I have multiple Elasticsearch 1.3.2 indices, and I'm using custom
document IDs. I want to find the number of distinct IDs across my
indices. Some documents have the same ID but are in different indices,
so this is different from just counting documents. So I wanted to do a
cardinality aggregation on the _id field. So I posted this to http://localhost:9200/my_indices/_search:

{ "from": 0, "size": 0, "aggregations": { "_count": { "cardinality": { "script": "doc['_id'].value", "lang": "groovy" } } } }

But Elasticsearch just sent back this:

{ "took": 60, "timed_out": false, "_shards": { "total": 175, "successful": 175, "failed": 0 }, "hits": { "total": 310714, "max_score": 0, "hits": [] }, "aggregations": { "_count": { "value": 0 } }

I'm pretty sure there's more than 0 IDs in there!

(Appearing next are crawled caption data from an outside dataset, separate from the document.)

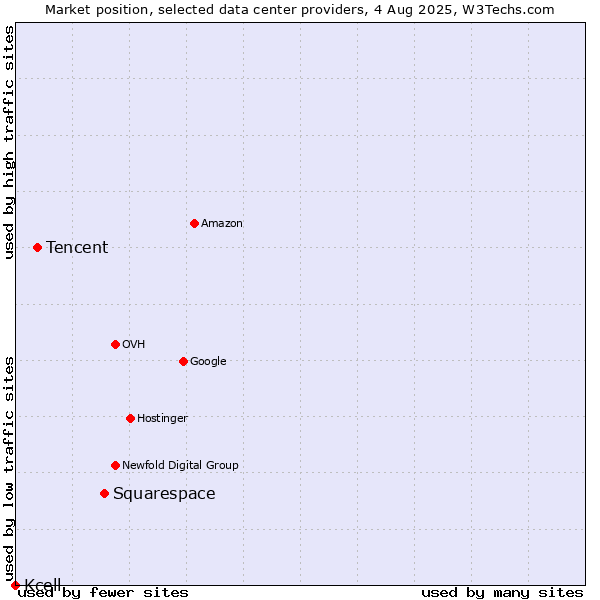 Market position of Squarespace vs. Tencent vs. Kcell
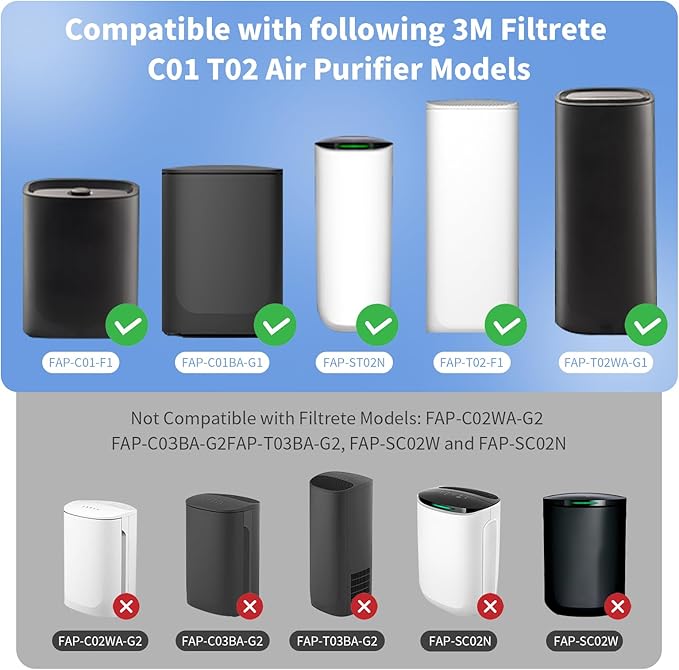 2 Packs F1 Filter Odor Removal Replacement Filter Compatible with 3M Filtrete C01 T02 Series FAP-C01-F1, FAP-T02-F1, FAP-C01BA-G1, FAP-T02WA-G1, FAP-ST02W and FAP-ST02N Air Purifi-er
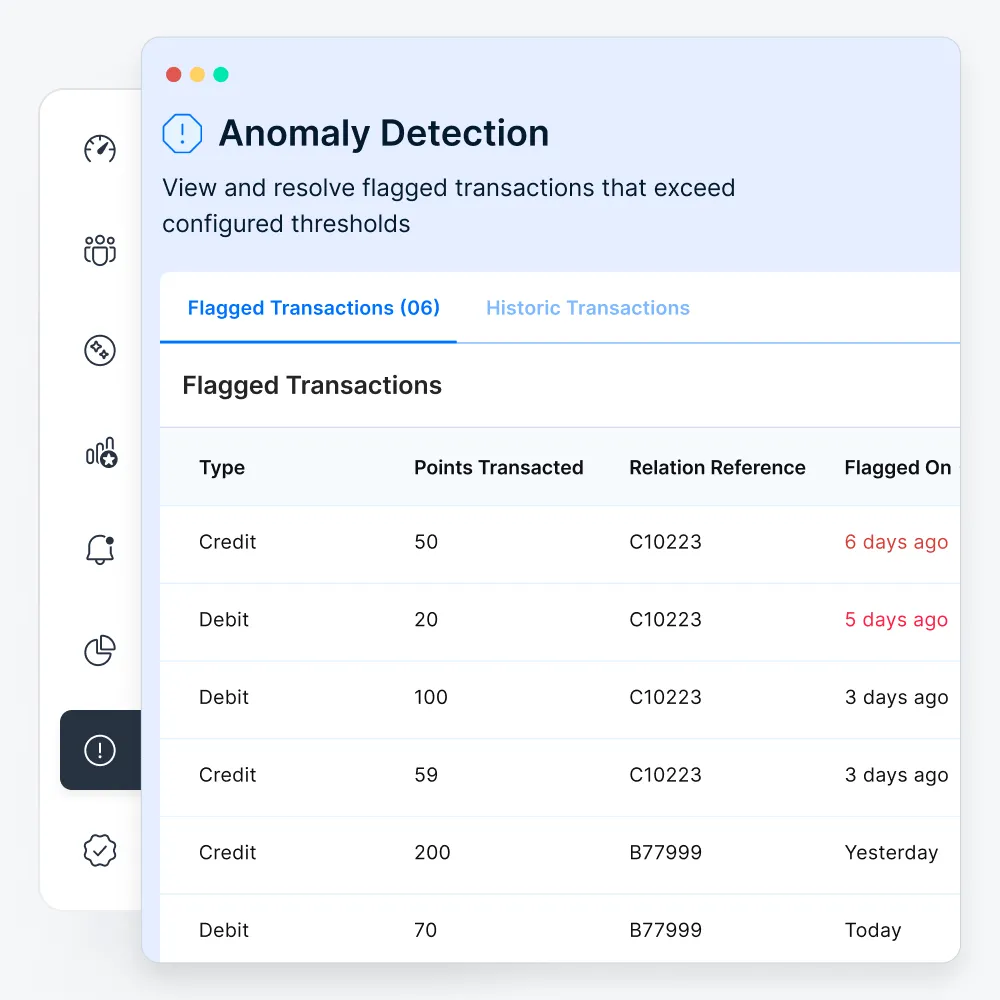 Loyalife-Fraud & Risk Management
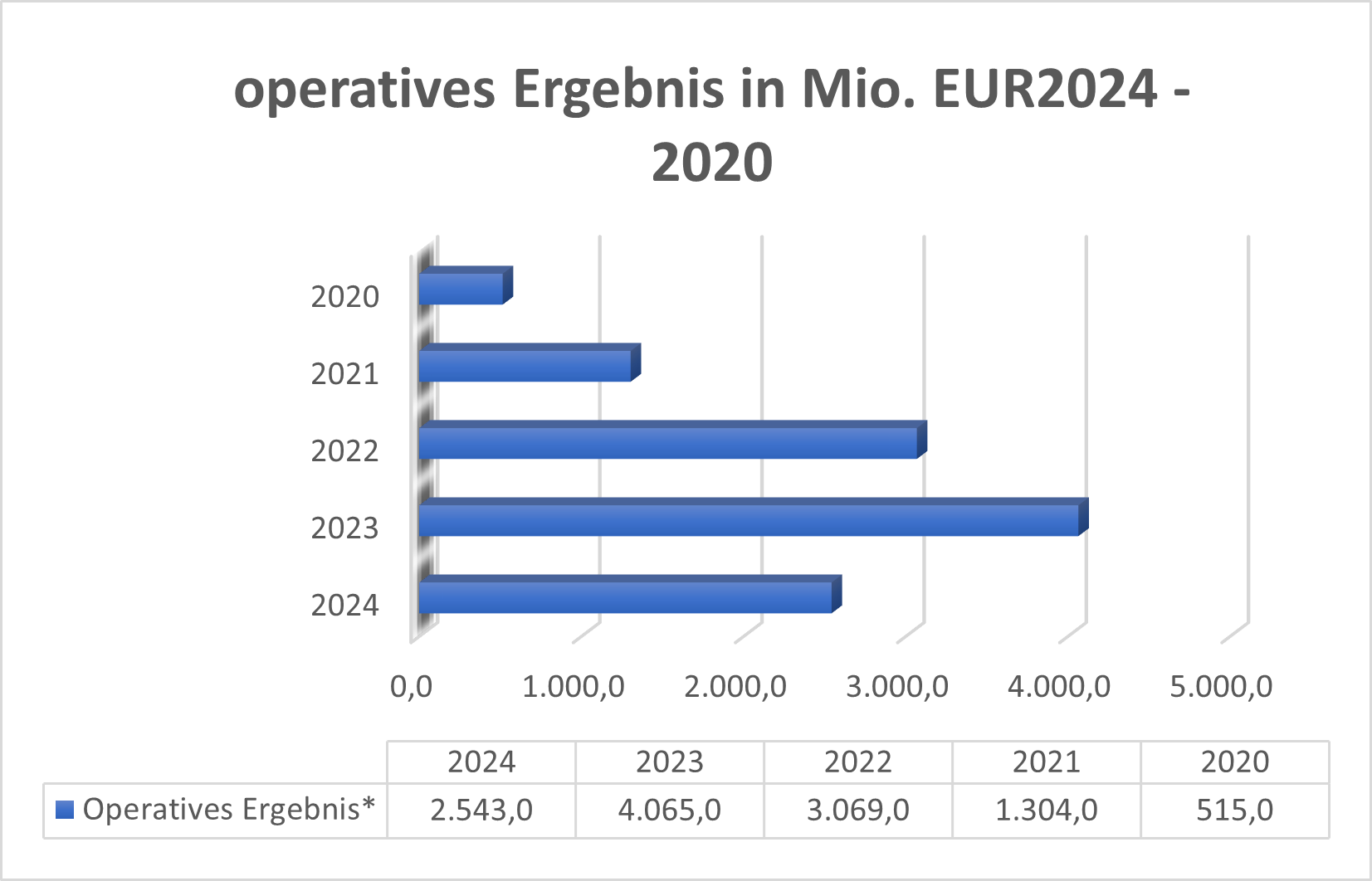 Operatives Ergebnis Infineon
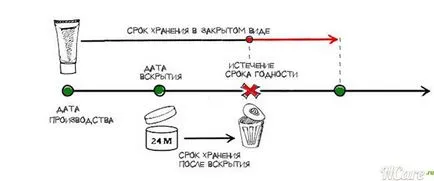 Вредният просрочени козметика срок на годност на различни инструменти и как да проверите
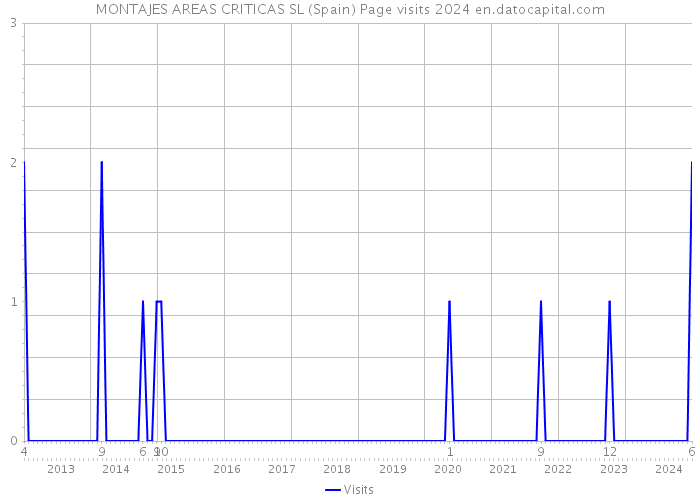 MONTAJES AREAS CRITICAS SL (Spain) Page visits 2024 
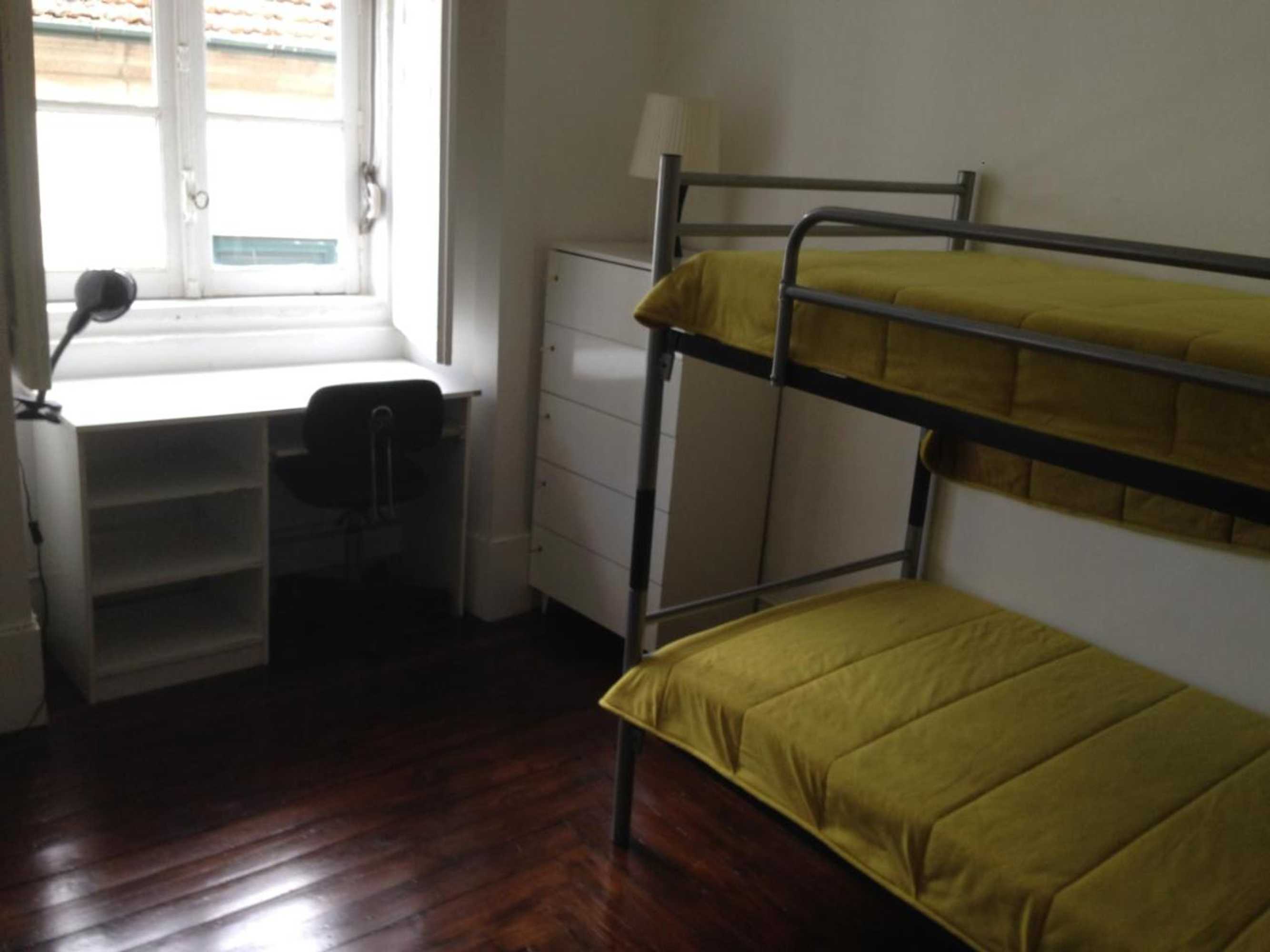 Gift card for Covilhã Hostel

What happened, and is it possible to get what I want?

(Adrien Grand) #2

The issue here is that the _id field is neither indexed nor has doc values so aggregations can't load fielddata. You can try the _uid field instead (which is a combination of the _type and the _id) which is indexed. Note however that this will require a lot of memory because of fielddata.

(Camilo Sierra) #3

i think that is really important to say that this result is approximate, in a small index i had good results after one/two million of docs the result is not accurate almost every time (after as the doc says the error remains under 5%)

(system) #4